* [DATA BLOCK]:
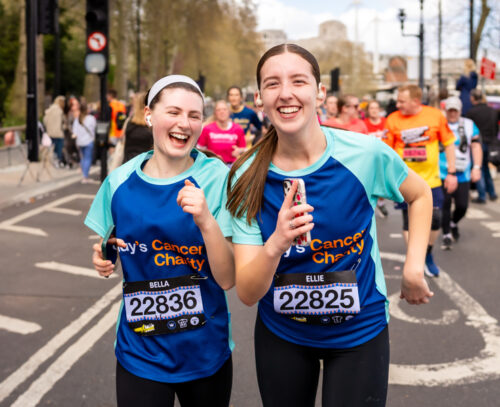Image of two girls smiling running the London Landmarks Half Marathon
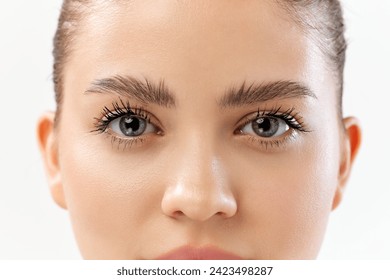 El primer plano de la cara de la mujer se centra en sus ojos, cejas bien definidas y largos latigazos. Productos de maquillaje, laminación y lentes de contacto. Concepto de belleza, cuidado de la piel, cosméticos y cosmetología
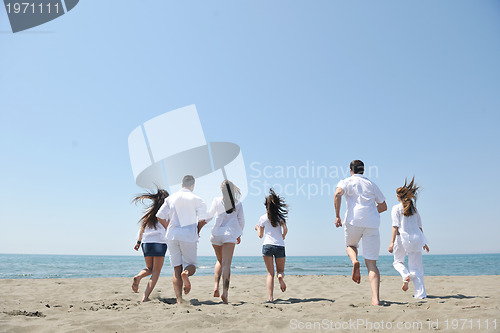 Image of happy people group have fun and running on beach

* [WORK ITEM]: Your answer should set down the listing verbatim and leave out its images.

* [FINISHED EXERCISE]:
Image of two girls smiling running the London Landmarks Half Marathon
 El primer plano de la cara de la mujer se centra en sus ojos, cejas bien definidas y largos latigazos. Productos de maquillaje, laminación y lentes de contacto. Concepto de belleza, cuidado de la piel, cosméticos y cosmetología
 Image of happy people group have fun and running on beach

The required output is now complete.